She is one of the most important figures in Church history – one of only four female doctors out of the 36 doctors of the Church. Yet St. Catherine of Siena, a 14th Century mystic, was only 24 when she began her public mission, which lasted just eight years. Despite living at a time when most women were regarded as little more than chattel, she managed to accomplish things that seemed impossible for anyone, much less a female.
This spiritual dynamo also happens to be the subject of new EWTN docu-drama “St. Catherine of Siena” by Writer/Producer/Director Elisabetta Valgiusti, who is well-known to EWTN audiences for her courageous documentaries on religious persecution around the world. (Airs 10 p.m. ET, Sunday, April 24; 5 a.m. ET, Thursday, April 28; 10 a.m. ET, Friday, April 29; and 1 a.m. ET, Saturday, April 30.)
“How alive she was!” says Valgiusti. “She could do things that look impossible for a woman at that time – and also this time! She was not even a nun; she was a lay person – and young! She reminds me of Mother Angelica. She had the skill, the capacity to dare to keep going, to face obstacles and form some kind of strategy. There were a lot of failures, a lot of problems, but she kept going.”
Catherine spent her childhood and youth in Siena doing works of mercy. But the Lord eventually revealed to her that He would be sending her to speak to Kings and Popes in His name. Catherine’s extensive travels included France, where she went to convince the Pope to return to Rome, and many other places. “I tried to keep that in my program because I think it shows much she was guided by the Holy Spirit,” Valgiusti said. “It was a mission to save souls.

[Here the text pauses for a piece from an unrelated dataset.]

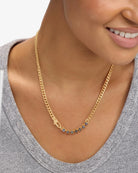 Woman wearing gold curb chain necklace with blue-gray labradorite stones over gray sweater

Even when she was speaking to [political figures at high levels], she had in mind the salvation of souls and service to the Lord and to the Church.”
Valgiusti used two actresses to portray Catherine – one portrays Catherine as a young girl who spent much time in prayer, and another portrays Catherine as a young woman whose active life, powered by the Holy Spirit, made such a difference in the world.
Fr. Thomas McDermott, O.P., who wrote the book, “St. Catherine of Siena: Spiritual Development in Her Life and Teaching,” served as the theological consultant to the docu-drama. “Father McDermott makes the importance of St. Catherine’s teachings clear,” Valgiusti says.
In addition, Valgiusti scored an interview with the Metropolitan Archbishop of Siena, H. E. Msgr. Antonio Buoncristiani. The Archbishop provides an important perspective on the spirituality of the Sienese saint and her role in the history and culture of the city, and explains that, even today, the city of Siena is committed to keeping the life and works of this important doctor of the Church alive.
In fact, that’s a theme of many of St. Catherine’s many supporters. As Valgiusti traveled to Siena, Genoa, Florence, Rome, Varazze, and to the famous Lecceto Monastery during filming, she was struck by just how much St. Catherine’s witness resonates with people around the world today.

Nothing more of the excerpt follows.